NNSL (NOV 22/96) - Without Project Change, 19-year-old Maria Mantla wouldn't have any hope of attending college.

"I would probably just stay at home and try to get a part-time job," she said.

She is one of 20 students with disabilities from across the NWT that will lose their training after the Project Change Training Centre closes March 31.

More than 300 students have gone through the program since 1985.

Cuts to government funding are forcing the Project Change Training Centre to close its doors after 11 years of operation. The program provides education and training for those students whose disabilities prevent them from attending regular schools.

"We haven't given up hope, but the reality at the moment is that we will have to close," said Beulah Phillpot, founder of Project Change and its present treasurer.

The cuts are particularly difficult to take after the purchase of a building for the program in 1995 that has left them with expensive overhead costs.

But Phillpot said the funding loss is the result of the territorial government's restructuring of how funds are allocated to communities.

The group received $70,000 in joint funding from the territorial and federal governments for 1996-97, but it runs out Dec. 31.

Funding from the Department of Social Services has been reduced by half to $19,000 for 1996-97. The Department of Education's Literacy Fund provides Project Change with $60,000 over a four-year period that ends in two years.

Phillpot said the program can't survive on the Literacy and Social Services funding alone.

Board members of Project Change are looking for an agency to take over funding for the service, but so far haven't found the means to stay open.

"I'm particularly concerned that there won't be a program for these students," she said. "I would be delighted if another agency took it over." She said that it would be a backward step if the community didn't have a program for youth with disabilities at a time when they need it most.

Chris Horne, a teacher at the training centre for two years, will lose his job Dec. 31 when the program is cut in half -- 10 students and one of two teachers will be axed from the program.
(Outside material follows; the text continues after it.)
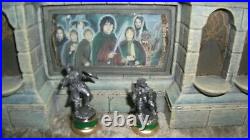Lord Of the Rings Chess Set EPIC AUTHENTIC LOTR Collectible with Pewter Pieces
The remainder of Project Change will fold in March.

Horne said the cuts spell disaster for the students.

"I'll find another job, but these students are going to give up because they have nowhere else to go," he said. "This is not like a school -- it's more like a family. It's teaching them to live in society."

He said it's hard to imagine these students in the school system.

"We have students 16 and 17 (years old) that can't distinguish numbers," he said. "So you can imagine putting them in a regular school. They're going to be gone out the back door."

"Now they're not just hanging out and hating themselves," he added.